USFS Fire Lookout on duty at Vetter Mountain, California.
Reporting smoke is a Fire Lookout's primary duty in the wilderness.
SPRR fire lookout station built in 1909 on Red Mountain above Cisco, CA. (abandoned 1934)

A fire lookout (sometimes also called a fire watcher) is a person assigned the duty to look for fire from atop a building known as a fire lookout tower. These towers are used in remote areas, normally on mountain tops with high elevation and a good view of the surrounding terrain, to spot smoke caused by a wildfire.

Once a possible fire is spotted, "Smoke Reports", or "Lookout Shots" are relayed to the local Emergency Communications Center (ECC), often by radio or phone. A fire lookout can use a device known as an Osborne Fire Finder to obtain the radial in degrees off the tower, and the estimated distance from the tower to the fire.[1]

Part of the lookout's duties include taking weather readings and reporting the findings to the Emergency Communications Center throughout the day.

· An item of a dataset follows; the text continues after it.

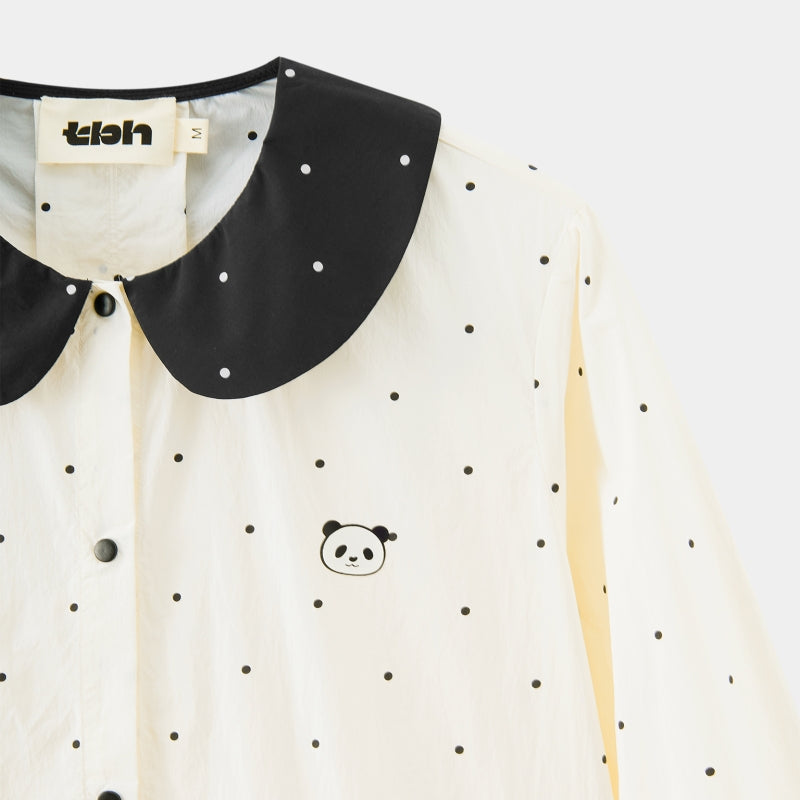 "Panda PomPom" Sun-pretective Outdoor Dress White Polka Dot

Often several lookouts will overlap in coverage areas and each will “cross” the same smoke, allowing the ECC to use triangulation from the radials to achieve an accurate location of the fire.

Once ground crews and fire suppression aircraft are active in fire suppression, the lookout personnel continue to search for new smoke plumes which may indicate spotting and alterations that pose risks to ground crews.

Working in a fire lookout tower in the middle of a wilderness area takes a hardy type of person, one who can work with no supervision, and is able to survive without any other human interaction. Some towers are accessible by automobile, but others are so remote a lookout must hike in, or be lifted in by helicopter. In many locations, even modern fire lookout towers do not have electricity or running water.

Most fire lookout jobs are seasonal through the fire season. Fire lookouts can be paid staff or volunteer staff. Some volunteer organizations in the United States have started to rebuild, restore and operate aging fire lookout towers.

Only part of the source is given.